Religious, Ritual and Funerary
The internal batter to the walls suggests an early date, perhaps early C14, but none of the features indicate a date earlier than the late C15. The nave roof and the porch seem to be C16. The south east nave window seems C17. The church was restored in 1854 by J Prichard and J P Seddon; and in 1908, and these restorations seem to involve the east and west windows, the north windows of the nave, the bellcote and the porch roof The parish was merged with Llangunnog (church now demolished) in 1902. The first rector was recorded in 1307 and the parish register commences in 1594.
The church is built from local coarse and fine-grained red and grey sandstone with a Welsh slate roof, but the porch has stone slates. It consists of nave, separate chancel, west bellcote and south porch. The nave has two windows on the north wall, a 2-light and a 3-light, with cusped heads to the lights, both are Victorian. The south wall has a small slit window to the left of the porch and a larger one on the right. The west gable has a pointed arch doorway with unusual bar-and-fleur-de-lys stops, plank door and a single light cusped head window above. Coped gables, the west gable has a 2-light bellcote with pointed arches and a steeply pitched gable above, east gable with stepped Victorian buttresses and apex cross. Gabled south porch with late C16 entrance arch, coped gable and cross above. The inner door has a hollow chamfer with pyramid-and-pumpkin stops, original four plank door. The chancel has a blind north wall with a small lean-to vestry of corrugated iron. The south wall has a priest's door with 2-centred head and hollow chamfer, plank door and a 2-light window with dripmould over. Perpendicular east window of 2-lights with continuous central mullion, cusped lower lights and paired lights with trefoil heads above. The churchyard contains mostly C19 memorials including a chest tomb to Susan Williams, died 1824; and a Victorian railed tomb. There are also two semi-buried steps of a medieval cross.

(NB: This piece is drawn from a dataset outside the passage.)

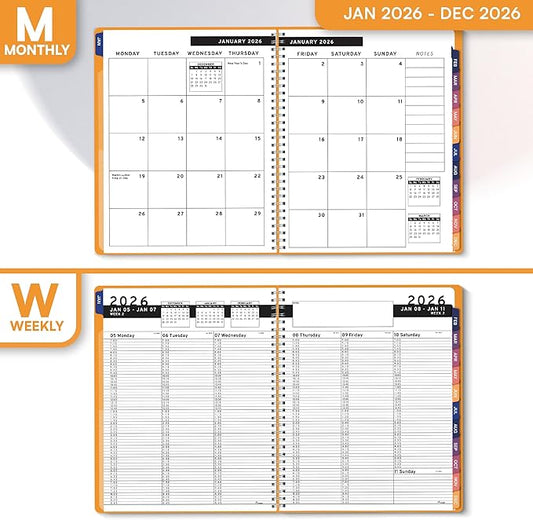 Ensight 2026 Appointment Book & Planner Ensight 8.5 x 11 inches Large Tabbed Daily Hourly Weekly Planner Schedule Book 15 Minute time Slots Business & Personal Planner Jan 2026 Dec 2026 Yellow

The interior is plastered and painted. The nave walls and the south wall of the chancel have an internal batter. The chancel arch has plastered piers and a semicircular arch of small cut stones. This matches the arch of the chancel roof and may be an alteration to suit that, possibly in the C15. The chancel roof is of close set arch braced collar trusses, the nave has a C16 waggon roof with narrow ribs and plaster panels. Early C18 turned baluster communion rails. Victorian benches and pulpit, altar dated 1862? Good leger stones in the chancel.
Reason for designation
Included at II* as an attractive and well preserved medieval church.